───── EXCERPTED DATA

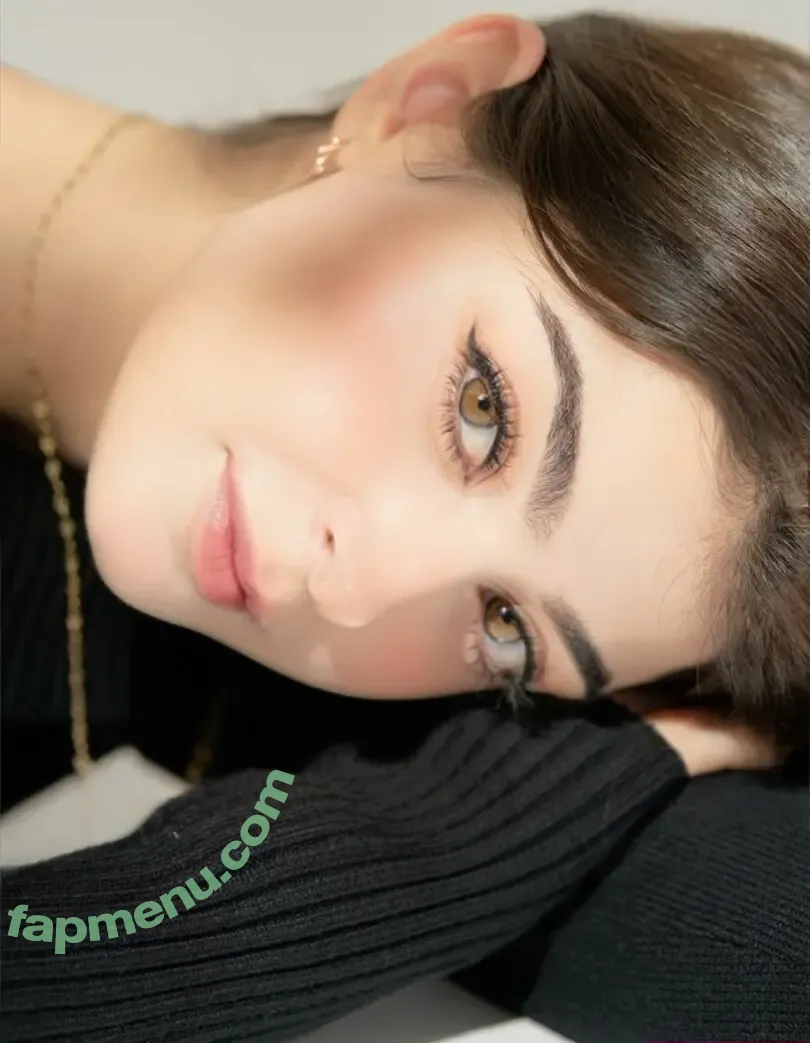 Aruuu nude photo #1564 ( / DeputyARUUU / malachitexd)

──────────
───── EXCERPTED DATA

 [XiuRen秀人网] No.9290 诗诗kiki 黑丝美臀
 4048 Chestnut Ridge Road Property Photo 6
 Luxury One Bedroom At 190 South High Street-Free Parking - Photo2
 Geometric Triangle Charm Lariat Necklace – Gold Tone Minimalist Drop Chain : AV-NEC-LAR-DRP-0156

──────────
───── EXCERPTED DATA

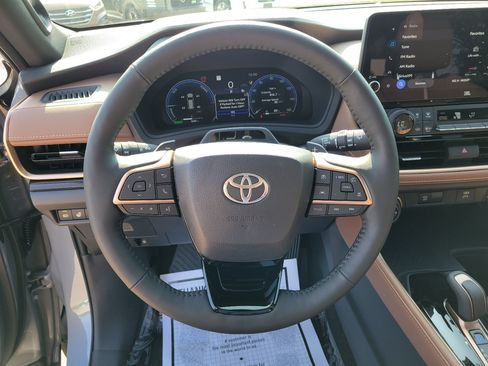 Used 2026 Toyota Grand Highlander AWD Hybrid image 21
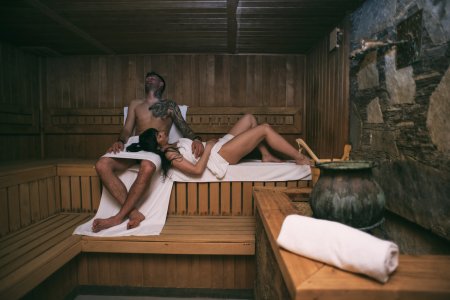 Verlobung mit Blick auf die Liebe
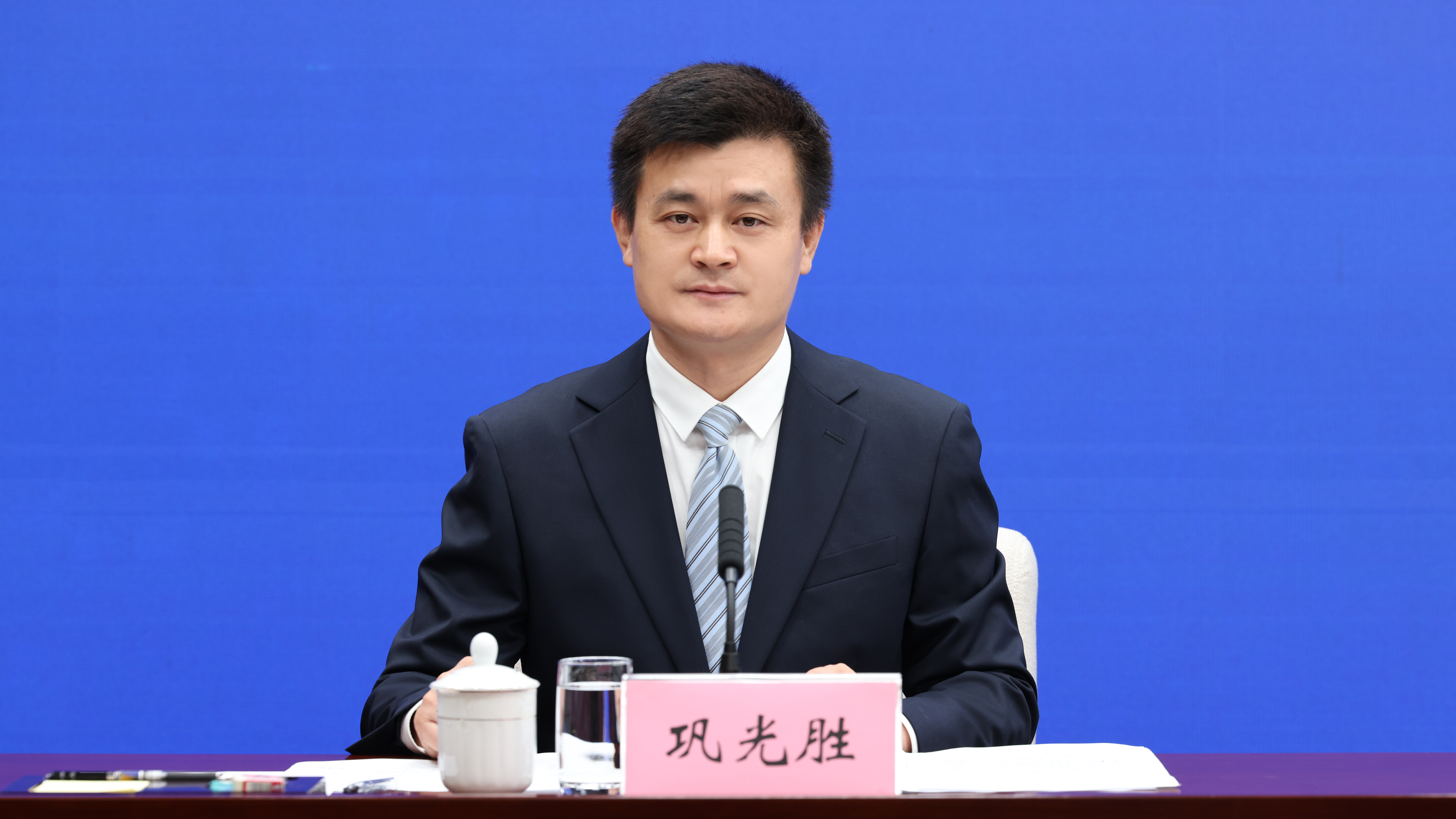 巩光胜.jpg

──────────

Beginning with the line containing "[XiuRen秀人网] No.9290 诗诗kiki 黑丝美臀" in the material above, copy every line exactly until you have copied the line containing "Geometric Triangle Charm".

## WRITTEN ANSWER
 [XiuRen秀人网] No.9290 诗诗kiki 黑丝美臀
 4048 Chestnut Ridge Road Property Photo 6
 Luxury One Bedroom At 190 South High Street-Free Parking - Photo2
 Geometric Triangle Charm Lariat Necklace – Gold Tone Minimalist Drop Chain : AV-NEC-LAR-DRP-0156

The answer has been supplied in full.